Gideon’s Third Question – "God How Can I Know That You Are Really In This?” (vv. 16-24)

 

Listen again to verses 16-19, and Gideon’s interesting method of confirming God’s guidance in his life:

 

The Lord said to him, "I will be with you. And you will destroy the Midianites as if you were fighting against one man.”

Gideon replied, "If you are truly going to help me, show me a sign to prove that it is really the Lord speaking to me.18 Don’t go away until I come back and bring my offering to you.”He answered, "I will stay here until you return.”19 Gideon hurried home. He cooked a young goat, and with a basket of flour he baked some bread without yeast. Then, carrying the meat in a basket and the broth in a pot, he brought them out and presented them to the angel, who was under the great tree.

 

The question of discerning God’s will is an on going problem in Gideon’s life.

 

Gideon wanted concrete confirmation that it was indeed God who was calling him into action, so he therefore asked for a "sign” (v. 17).

 

The angel affirmed that the presence of the Lord would be with him, and power to defeat the Midianites (v. 16)

 

 But this was not enough for Gideon - he wanted a sign, some unmistakable proof that God would enable Gideon to carry out what he considered an impossible mission.

 

       The proof came when Gideon presented his offering to the angelic visitor.

 

In verse twenty-one we are told:

 

"Then the Angel of the Lord put out the end of the staff that was in His hand, and touched the meat and the unleavened bread; and fire rose out of the rock and consumed the meat and the unleavened bread. And the Angel of the Lord departed out of his sight.” 

 

       In a dramatic fashion the angel of the Lord extended his rod and touched the food Gideon had provided, in the blink of an eye fire sprang from the rock and consumed the offering.

 

The angel then vanished and left the terror stricken Gideon with the realization that he had been talking with the Lord, and he exclaimed in verse twenty-two,

 

"…Alas, O Lord God!
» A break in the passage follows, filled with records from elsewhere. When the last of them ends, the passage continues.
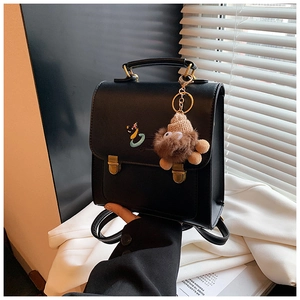 Detail of black leather backpack featuring gold buckles and a cute plush charm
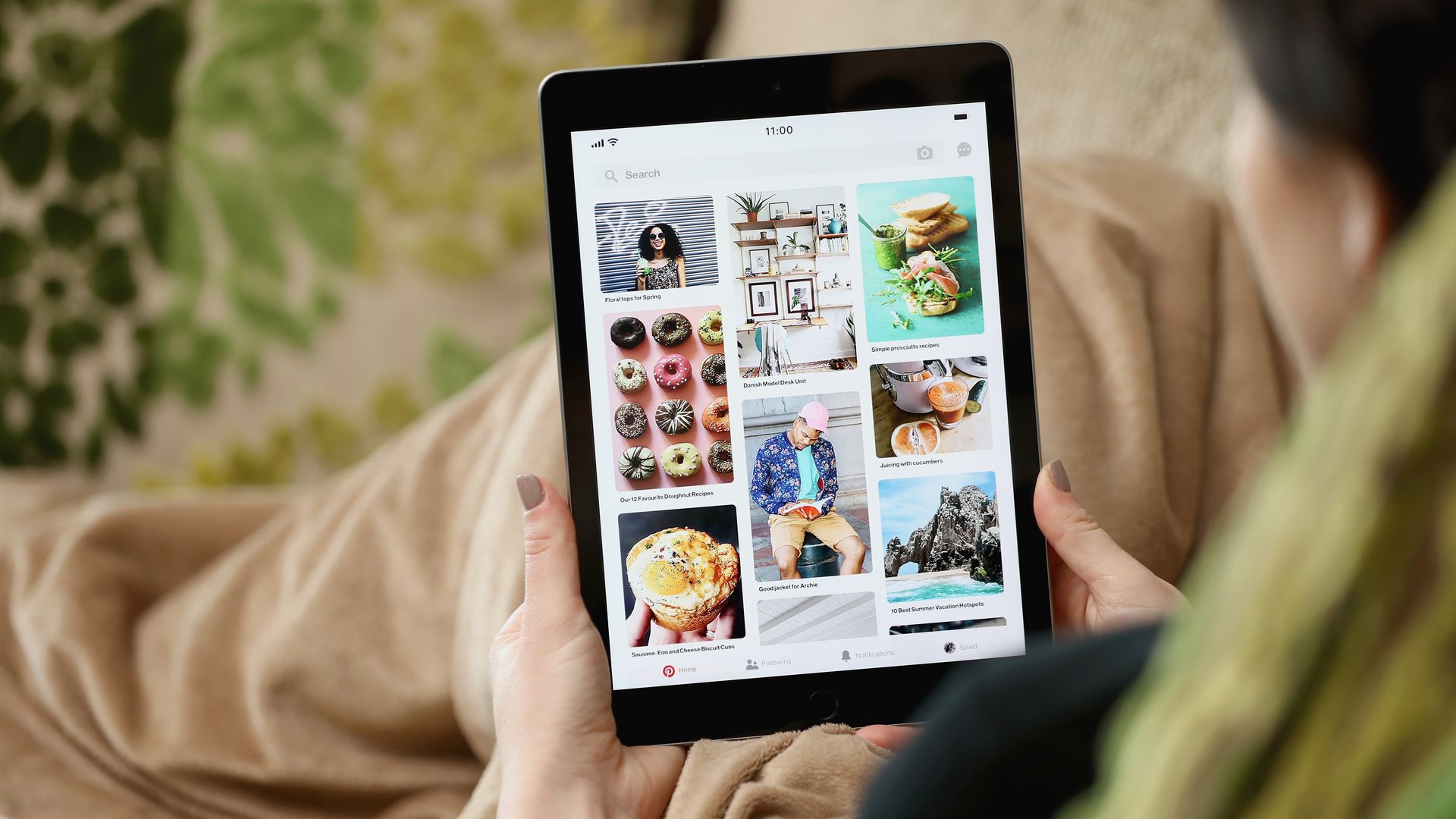 A person browsing Pinterest on a tablet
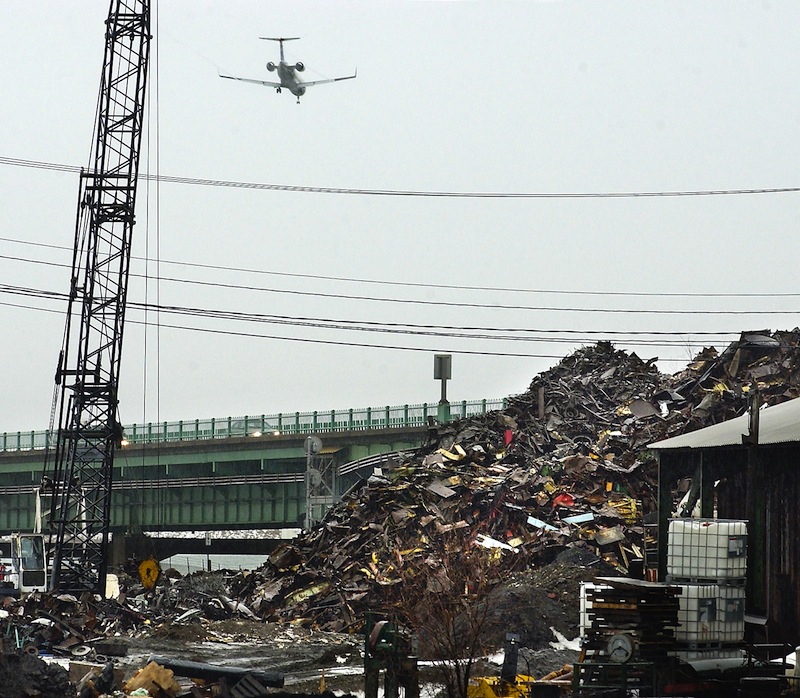 In this 2005 file photo, a jet flies over a scrap-metal yard between the Merrill Marine Terminal and the Veterans Bridge. One of many new Maine laws broadens the form of payment allowed by scrap-metal dealers for materials they buy to credit or debit cards. An earlier law allowed only checks.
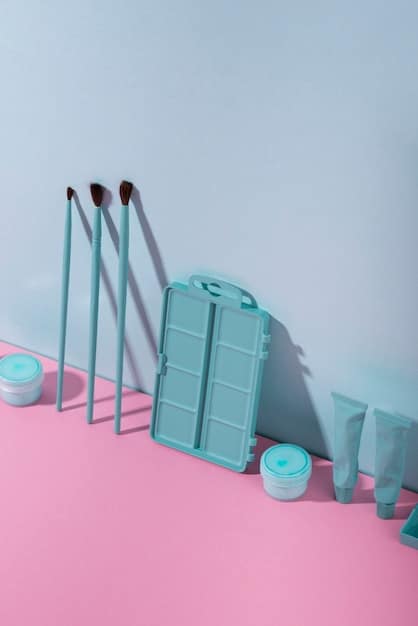 A well-organized makeup table featuring lipsticks in various shades, a lip concealer, a lip brush, and a mirror. The lighting is soft and flattering.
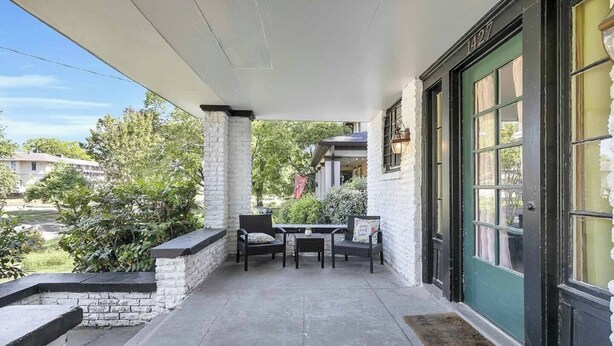 A covered patio with a table and chairs, a stone wall, and a green door. - Sleeps 12 • Budget-Friendly Downtown Birmingham Crew House (Birmingham)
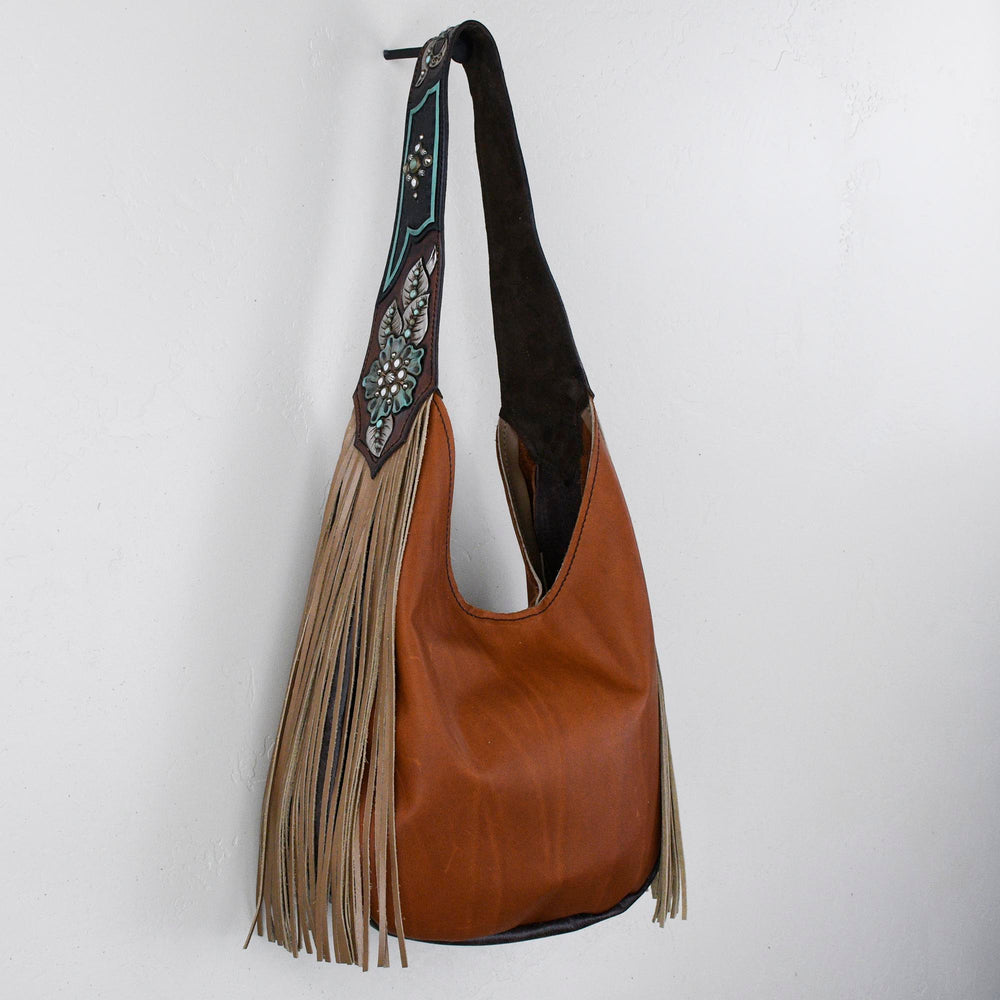 
                  
                    Marilyn bag #1242 by Heritage Brand, brown leather shoulder bag with decorative strap and fringe detail hanging against a white wall.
For I have seen the Angel of the Lord face to face.” 

 

Gideon asked for a sign and then after he had received it he was sure that the God who had granted it was now going to kill him.

 

But the Lord reassured him in verse twenty-three, "Then the Lord said to him, "Peace be with you; do not fear, you shall not die.”

 

       The Lord however reassured Gideon who in turn built an altar and called it Jehovah-Shalom or "the Lord is peace.” 

 

Conclusion

 

What all of this comes down to is that Gideon comes to realize that the power of his potential is without limit because God’s faithfulness is without limit.

 

Folks – we really need to get this.

 

When chapter 6 opens, we find a scared Gideon threshing wheat, frightened to death of the Midianites.

 

I am sure in his wildest dreams Gideon never imagined that God would use little him to deliver Israel from Midianite oppression.

 

But – as God brought him to the place where he realized that his potential was directly tied into God’s enablement, he was able to rest in that and as a result God used Him mightly.

 

It all begins with you and I coming to the same place that Gideon had to come.

 

When you give God control of your future – and you tie your future into His faithfulness – watch out!